左右社 出版 山田航編著 「桜前線開架宣言 Born after 1970 現代短歌日本代表」 感想の注意書きです。

yuifall.hatenablog.com

澤村斉美

 

 全体のトーンが淡々としているのですが、一つ一つの歌がどれもしみじみ「いいなぁ」って思わせる感じです。伝わらねーな、この感想じゃ(笑)。『舟を編む』(三浦しをん)みたいな感じですよ。

 ストーリー的には、人文系の大学院生が研究を諦めて就職し、校閲、訃報記事を担当するという流れのようです。実際、京都大学大学院文学研究科美学美術史学専攻博士過程中退、とあるので(経歴長いな…)、文学科で博士課程まで行ったのかぁ。文系で博士号目指すって相当大変だろうな。

 ってことは、

 

「一日中放課後みたいなものですね」梅雨の雨のなか軽くうなづく

 

っていうのは、もしかしたら誰かに「へえ、人文系の大学院生なんて遊んでるみたいなものですねー」って言われた感じの文脈なんだろうか。。軽くうなづく、がなんか切ないなぁ。こういう、「それって何の役に立つの?」的な言い方ってほんと嫌いだな…。
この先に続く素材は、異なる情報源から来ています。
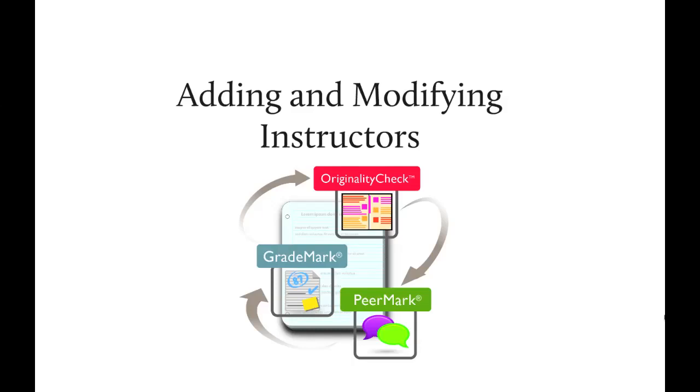Welcome to the administrator training video for adding and modifying instructors. The Turnitin administrator is the point of contact for instructors using Turnitin, and it is the administrator's role to upload instructor lists to the Turnitin account.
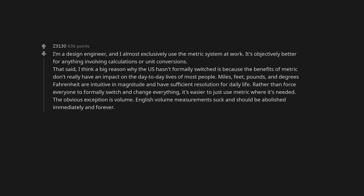That said, I think a big reason why the US hasn't formally switched is because the benefits of metric don't really have an impact on the day-to-day lives of most people. Miles, feet, pounds, and degrees Fahrenheit are intuitive in magnitude and have sufficient resolution for daily life. Rather than force everyone to formally switch and change everything, it's easier to just use metric where it's needed.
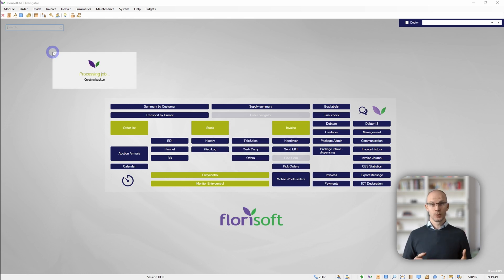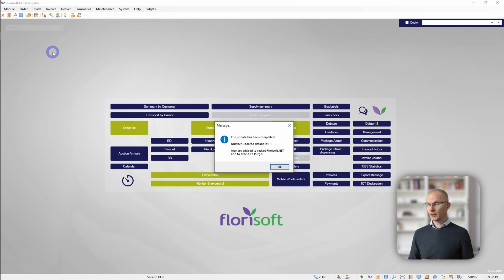A backup will be made, and if in any case something goes wrong, the support desk can help you to roll back to the previous version. When the download and the extraction of Floresoft has been completed, you will get a notification that the update has been completed. This means that the software has been updated.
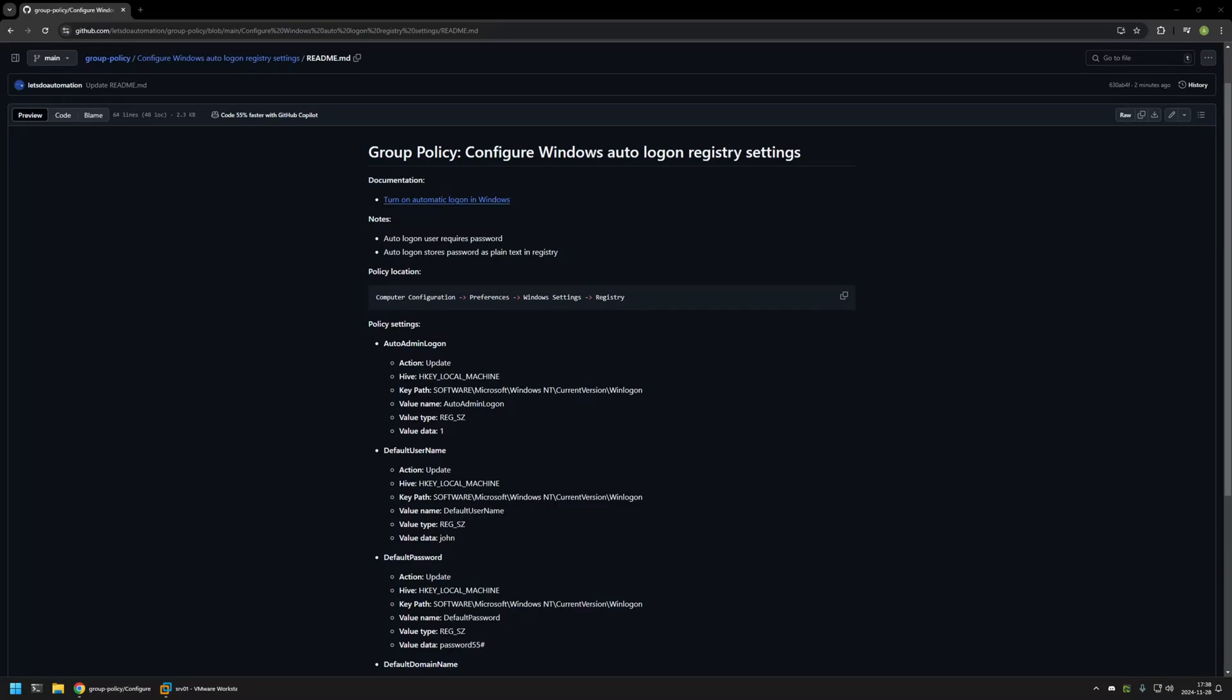In this video I will be using group policy to configure autologon on a client machine. I'm starting this video from my GitHub page because there are a few bits of information here that I will be using for this video. I will leave the URL in the description down below.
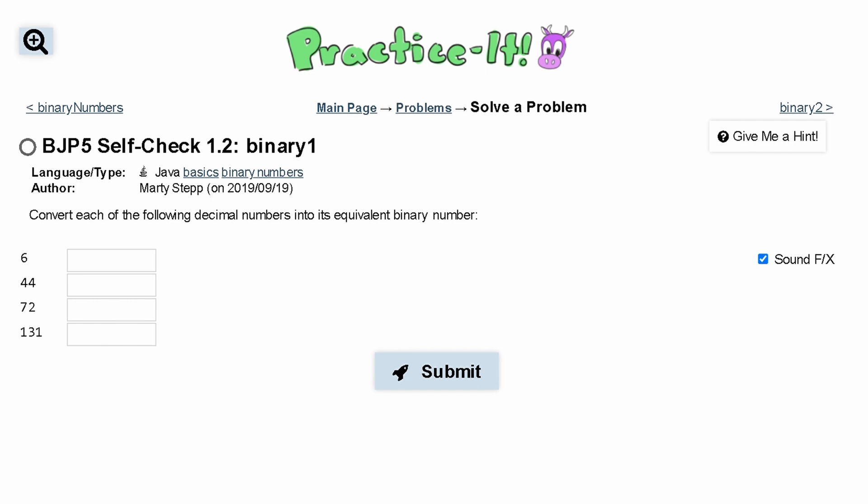For practice, self-check 1.2 binary 1. We need to convert each of the following decimal numbers into its equivalent binary number. To do this, we are going to use the division method. There's also a subtraction method, but the division method is easier.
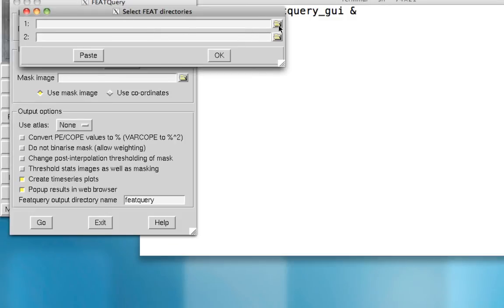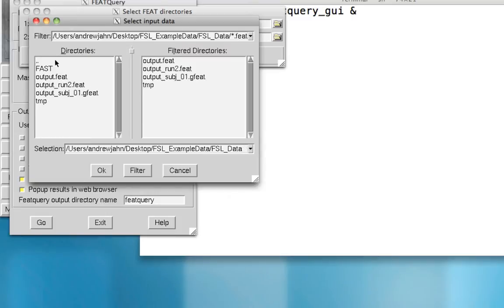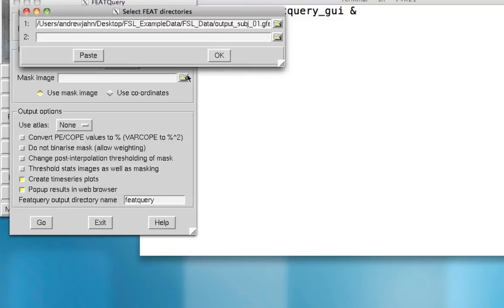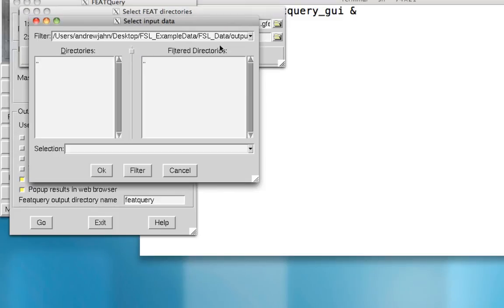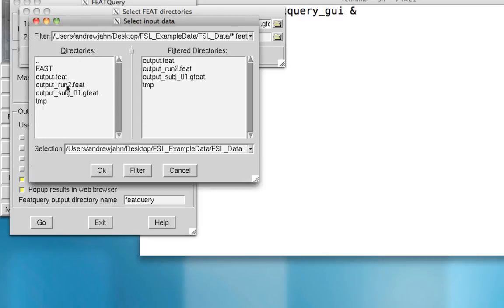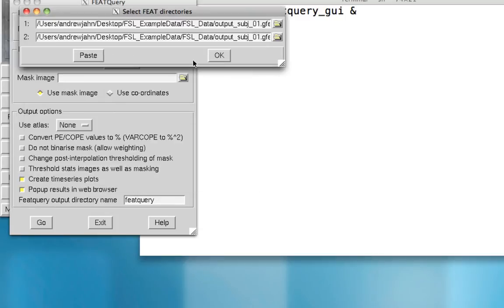I go here and I select this cope1.feat directory. That represents my contrast of left minus right. And for the other directory, I'm going to load in cope2.feat, which represents the contrast of right minus left.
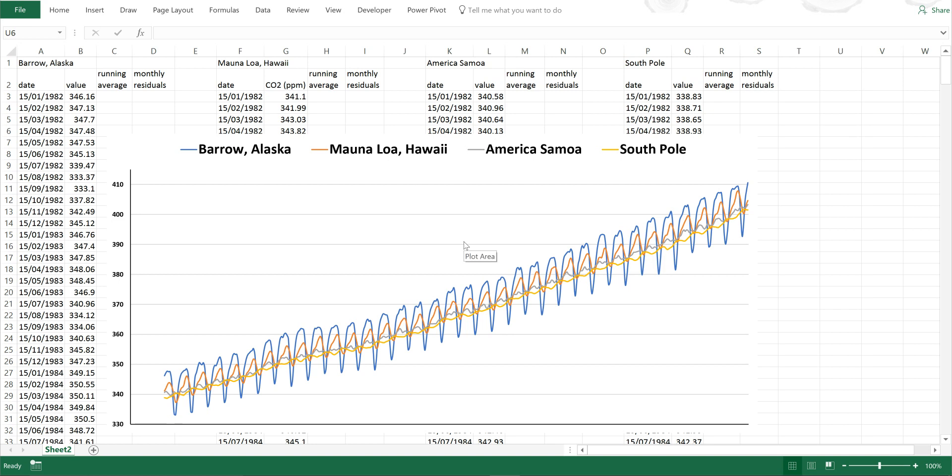Okay, so first of all, I have here long-term carbon dioxide measurements at four different sites from all over the world.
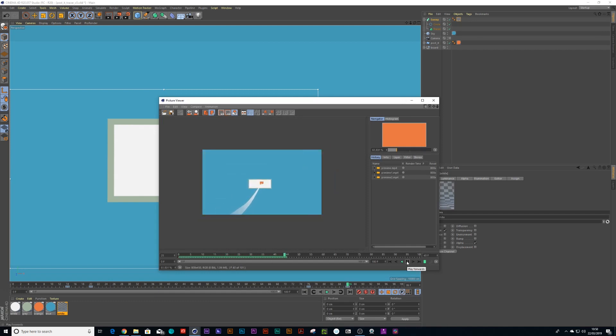And there is how you make your own animated streaks inside Cinema 4D. Thank you so much for watching!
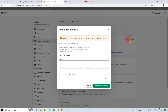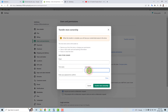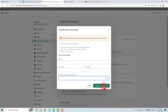Here you will find this form. You have to put the email address of the new owner, the first name of the new owner, and the last name of the new owner. You also have to put your Shopify password here, and then click Transfer Store Ownership.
 でも、「十六の弟の悩みの遠因としてわれはあり」とか「減りやすき体力とお金」「フリーターでもなく学生でもなく」という自己認識もあり、生活ってきれいごとじゃ立ち行かないもんな…というやりきれなさもあり。。文系のたいていの研究ってあんまりお金にならないからなぁ…。お金も時間もかかるし。

 

からだの中の柊を見てゐるやうな君のまなざし 逢ひたいと言ふ

 

 は不思議な歌ですね。君に見つめられているのに、君は「逢いたい」と言うのか。なぜなんだろう。からだの中の柊に逢いたいのかな。今調べたら「柊」って触るとヒリヒリ痛い「疼ぐ(ひいらぐ)」が語源なんですね。。この歌もどこかしら痛いような気がするのはそのせいかなぁ。

 

ばか欲望が降つてくるわけないだろう麦茶のパック湯に沈まずに

 

 も好きだな。というより全体的に好きなのですが。こういう落ち着いた女性好みです。こんな人に「ばか欲望が降ってくるわけないだろう」とか言われたらときめくわ(笑)。